→ **Requirement**
Only one stretch of the data below is wanted: the lines starting at the one with "Hollow Lace Solid" and ending at the one with "2020 Mitsubishi Outlander", both included, given again exactly.

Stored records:
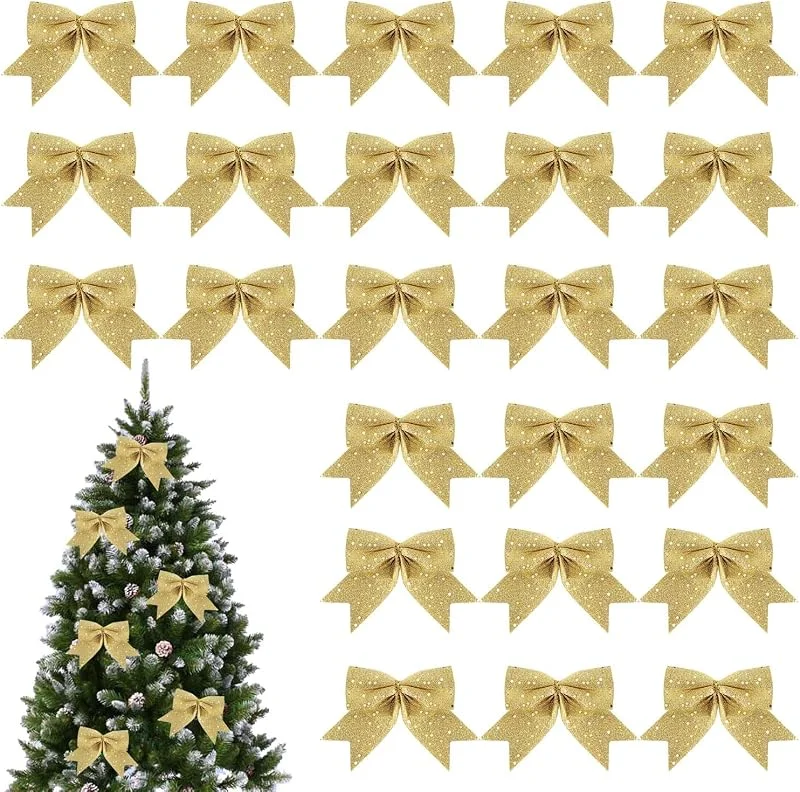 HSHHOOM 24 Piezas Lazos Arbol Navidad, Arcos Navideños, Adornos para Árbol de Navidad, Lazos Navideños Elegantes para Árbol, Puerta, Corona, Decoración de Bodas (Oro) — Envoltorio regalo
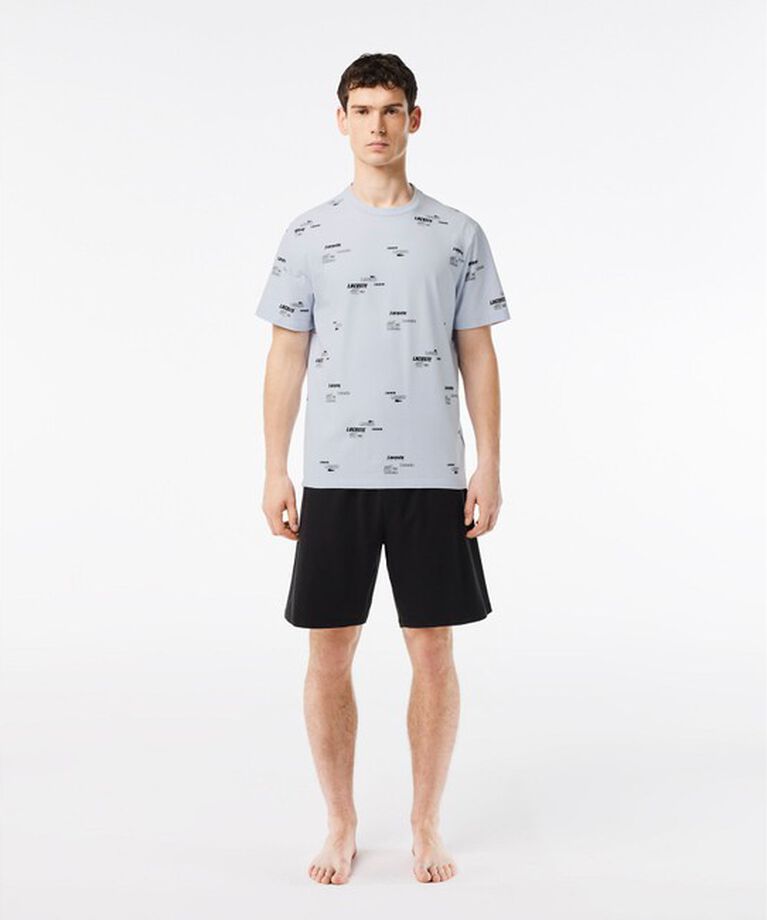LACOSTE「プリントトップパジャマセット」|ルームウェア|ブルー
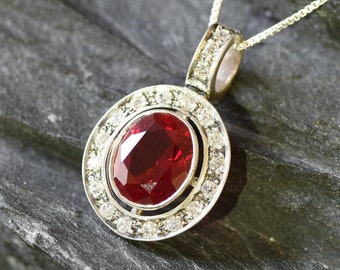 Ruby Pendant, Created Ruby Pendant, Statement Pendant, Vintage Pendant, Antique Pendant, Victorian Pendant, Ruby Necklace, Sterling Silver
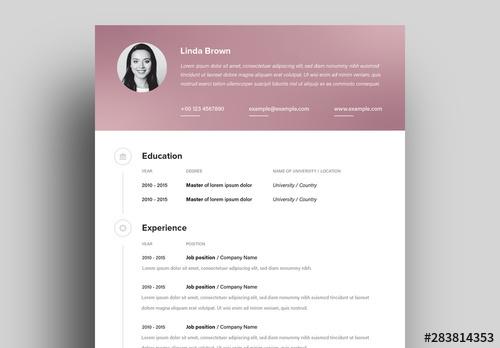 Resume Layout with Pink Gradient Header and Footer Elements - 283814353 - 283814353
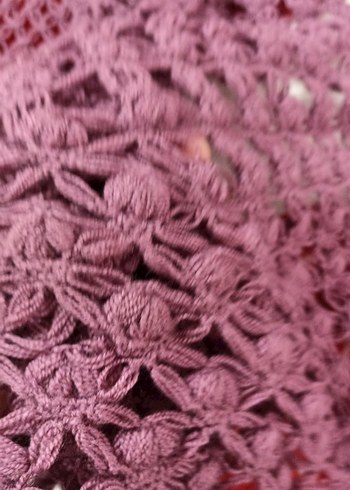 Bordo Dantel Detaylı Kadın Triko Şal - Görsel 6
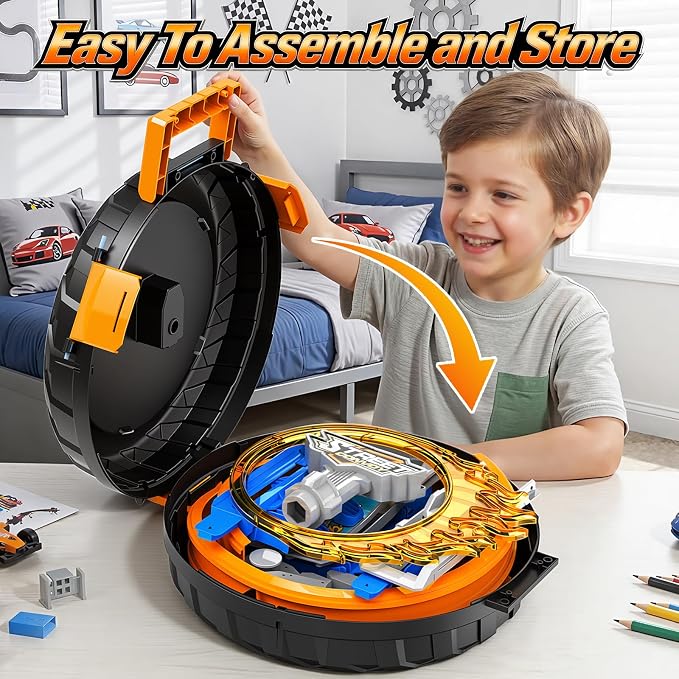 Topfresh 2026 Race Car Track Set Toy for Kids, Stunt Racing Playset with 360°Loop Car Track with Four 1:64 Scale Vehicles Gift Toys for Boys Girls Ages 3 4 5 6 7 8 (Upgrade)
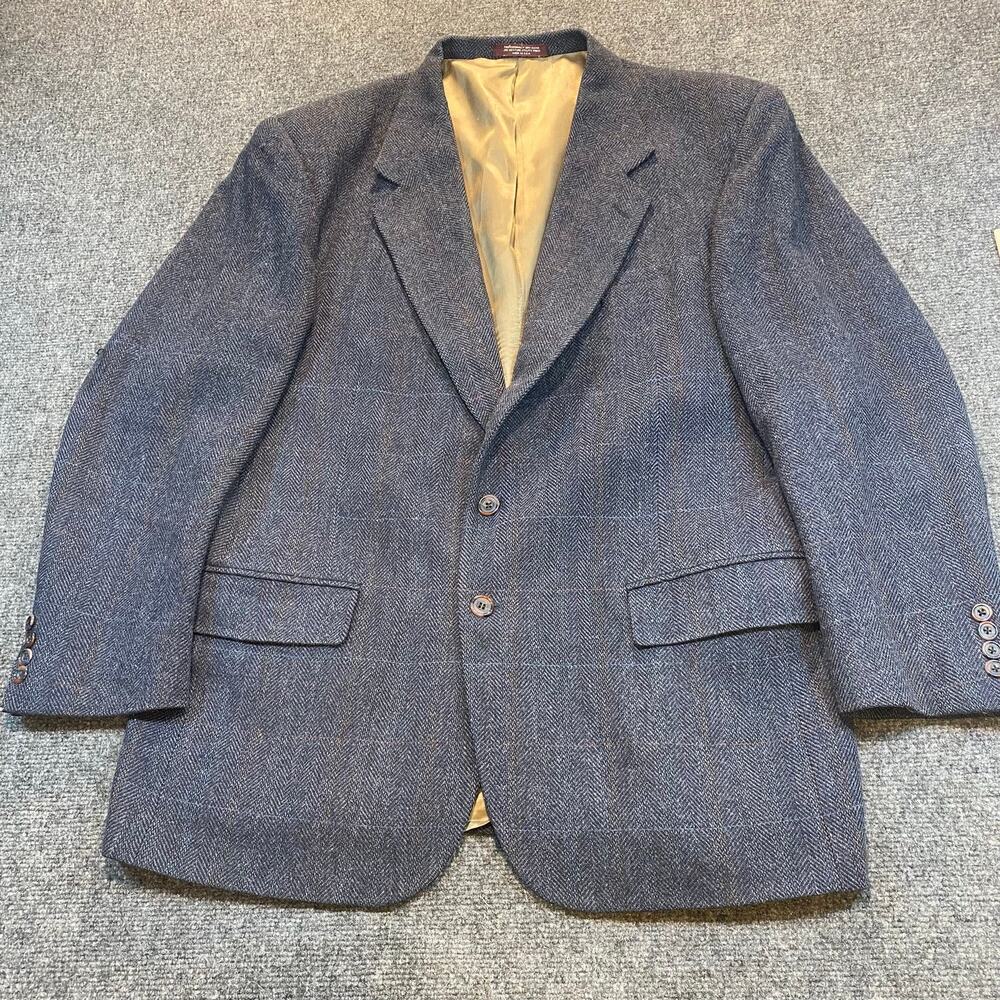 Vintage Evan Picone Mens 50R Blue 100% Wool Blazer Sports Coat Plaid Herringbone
* * *
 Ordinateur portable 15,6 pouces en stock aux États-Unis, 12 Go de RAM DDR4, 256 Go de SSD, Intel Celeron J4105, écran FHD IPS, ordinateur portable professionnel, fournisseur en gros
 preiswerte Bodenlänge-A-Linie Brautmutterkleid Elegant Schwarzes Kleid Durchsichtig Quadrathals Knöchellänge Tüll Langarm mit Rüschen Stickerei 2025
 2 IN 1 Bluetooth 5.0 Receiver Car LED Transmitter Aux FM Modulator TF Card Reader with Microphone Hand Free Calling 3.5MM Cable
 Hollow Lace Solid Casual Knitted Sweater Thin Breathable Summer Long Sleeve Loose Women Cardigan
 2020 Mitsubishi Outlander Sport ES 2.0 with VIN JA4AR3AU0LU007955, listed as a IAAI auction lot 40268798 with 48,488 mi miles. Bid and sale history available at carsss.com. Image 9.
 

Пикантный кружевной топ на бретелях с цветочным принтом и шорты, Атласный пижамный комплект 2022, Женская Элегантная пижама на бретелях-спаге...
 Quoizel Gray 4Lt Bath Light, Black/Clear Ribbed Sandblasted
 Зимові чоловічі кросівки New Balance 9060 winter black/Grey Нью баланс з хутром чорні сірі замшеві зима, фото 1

→ **Task response**
 Hollow Lace Solid Casual Knitted Sweater Thin Breathable Summer Long Sleeve Loose Women Cardigan
 2020 Mitsubishi Outlander Sport ES 2.0 with VIN JA4AR3AU0LU007955, listed as a IAAI auction lot 40268798 with 48,488 mi miles. Bid and sale history available at carsss.com. Image 9.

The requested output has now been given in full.